Tailwind Weekly #219: ui.sh goes local-first, mastering @property, and animations that actually feel good

ui.sh — Agent Skills for Interface Builders

TLDR: The team behind Tailwind CSS and Refactoring UI launched ui.sh, a curated collection of task-oriented AI prompts and workflows specifically for UI development. It's invite-only for now, but the skill list reveals a thoughtful approach to AI-assisted design work. This isn't another generic "generate a component" tool — it's opinionated, structured, and built by people who clearly know what bad AI-generated UI looks like.

Summary: When the Tailwind CSS creators ship something, it's worth paying attention. ui.sh frames itself as "agent skills for interface builders" and that framing matters — these aren't open-ended prompts, they're task-scoped workflows designed to produce results that don't embarrass you. Skills like "Canonicalize Tailwind" (sort, normalize, deduplicate, and resolve conflicting classes) and "Add Dark Mode" (ship dark mode that looks thoughtfully designed, not just inverted) tell you immediately that this was built by people who've seen what happens when you let a model loose on a UI without guardrails.

The "Markup From Image" and "Make Responsive" skills address two of the most tedious, error-prone parts of frontend work. Converting a screenshot into semantic markup is something every developer has done manually a hundred times. Having a purpose-built prompt workflow that understands the constraints of Tailwind and semantic HTML is meaningfully different from asking a general-purpose chat model to do the same thing.

What's interesting here is the product philosophy: rather than building a design tool or an IDE plugin, they're shipping reusable cognitive scaffolding. The skills are the product. That's a bet on AI as infrastructure rather than AI as application, and it's a bet that's much harder to compete with once the quality bar is established.

The invite-only gate is either a quality control mechanism or a demand signal — probably both. Either way, this is worth watching. The Refactoring UI team has a track record of shipping things that quietly reshape how frontend developers think about their work.

Key takeaways:

Built by the Tailwind CSS and Refactoring UI team — pedigree matters here
Skills include: dark mode, responsive adaptation, Tailwind canonicalization, component refactoring, and markup-from-image
Invite-only at launch, suggesting controlled rollout for quality
Framing as "agent skills" rather than "AI features" signals a thoughtful product philosophy

Why do I care: The frontend AI tooling space is littered with demos that look impressive until you try to use them on a real codebase. What makes ui.sh credible before it even ships is the team's demonstrated understanding of the specific failure modes in AI-generated UI — class conflicts, dark mode afterthoughts, unsemantic markup. If the skills match the promise, this could be the first AI tool that actually fits into a professional Tailwind workflow rather than creating cleanup work.

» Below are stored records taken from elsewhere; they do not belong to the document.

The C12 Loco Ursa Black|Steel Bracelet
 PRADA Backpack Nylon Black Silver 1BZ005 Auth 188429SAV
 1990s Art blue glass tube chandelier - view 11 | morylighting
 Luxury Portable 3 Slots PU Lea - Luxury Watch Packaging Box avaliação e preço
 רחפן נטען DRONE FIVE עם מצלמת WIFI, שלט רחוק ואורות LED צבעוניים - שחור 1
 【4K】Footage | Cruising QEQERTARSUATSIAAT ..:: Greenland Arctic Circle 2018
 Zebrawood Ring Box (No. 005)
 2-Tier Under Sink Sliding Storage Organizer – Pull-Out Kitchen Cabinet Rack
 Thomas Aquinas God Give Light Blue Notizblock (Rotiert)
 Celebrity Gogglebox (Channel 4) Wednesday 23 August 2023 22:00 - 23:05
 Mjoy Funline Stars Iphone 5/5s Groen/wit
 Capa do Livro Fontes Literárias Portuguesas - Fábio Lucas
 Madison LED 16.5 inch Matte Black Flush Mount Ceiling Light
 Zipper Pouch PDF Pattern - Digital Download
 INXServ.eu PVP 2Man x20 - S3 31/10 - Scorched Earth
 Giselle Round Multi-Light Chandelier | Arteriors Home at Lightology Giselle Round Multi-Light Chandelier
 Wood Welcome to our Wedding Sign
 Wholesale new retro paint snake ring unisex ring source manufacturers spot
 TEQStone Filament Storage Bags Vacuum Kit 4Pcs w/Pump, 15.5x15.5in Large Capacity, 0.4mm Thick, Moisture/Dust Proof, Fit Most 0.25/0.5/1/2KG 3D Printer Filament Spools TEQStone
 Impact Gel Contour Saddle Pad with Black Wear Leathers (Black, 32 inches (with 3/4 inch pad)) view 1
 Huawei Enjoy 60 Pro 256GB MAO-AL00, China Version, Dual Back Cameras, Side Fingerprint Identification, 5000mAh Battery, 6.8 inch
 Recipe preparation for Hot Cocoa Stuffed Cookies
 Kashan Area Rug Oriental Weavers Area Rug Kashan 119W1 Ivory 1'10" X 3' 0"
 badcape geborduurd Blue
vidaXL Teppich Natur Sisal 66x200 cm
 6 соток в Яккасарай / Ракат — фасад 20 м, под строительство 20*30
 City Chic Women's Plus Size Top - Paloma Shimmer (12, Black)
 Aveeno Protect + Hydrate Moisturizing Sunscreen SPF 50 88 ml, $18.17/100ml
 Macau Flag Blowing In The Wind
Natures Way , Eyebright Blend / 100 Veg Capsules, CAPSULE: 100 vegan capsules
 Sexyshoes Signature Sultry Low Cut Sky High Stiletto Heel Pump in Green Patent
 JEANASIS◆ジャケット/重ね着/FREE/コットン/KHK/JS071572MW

ui.sh — Agent skills for interface builders

Framework-Agnostic Design Systems: A Practical Approach to Web Components

TLDR: Andy Bell at Piccalilli makes the case for building design systems on web components rather than framework-specific component libraries, walking through the practical steps of managing, building, and packaging truly portable components. It's a long read that earns every word, treating the reader like a professional rather than a tutorial consumer. The core argument is deceptively simple: your design system shouldn't be held hostage by your JavaScript framework choice.

Summary: The design systems boom produced a lot of good ideas and one persistent bad one: that a design system should be built as a React component library (or Vue, or Angular, or whatever framework your team is currently enthusiastic about). Bell calls this out directly and doesn't soften the critique. Framework-specific component libraries create coupling at exactly the layer where you want independence — the layer where design decisions live.

Web components have had a complicated reputation. Early adopters dealt with real browser inconsistencies, the ergonomics were rough compared to framework components, and the tooling ecosystem was sparse. But browser support has matured dramatically, and the core proposition — write once, use anywhere — has never been more relevant as teams increasingly run multiple frontend frameworks in the same organization.

Bell's practical approach is what distinguishes this from most web components advocacy. He covers the actual mechanics: how to structure and package components, what tooling to use, how to handle the gap between what web components offer natively and what teams have come to expect from framework components. The acknowledgment that some baseline knowledge is assumed (HTML, CSS, Node.js, terminal navigation) is refreshingly honest — this isn't a post trying to convince skeptics with oversimplified examples.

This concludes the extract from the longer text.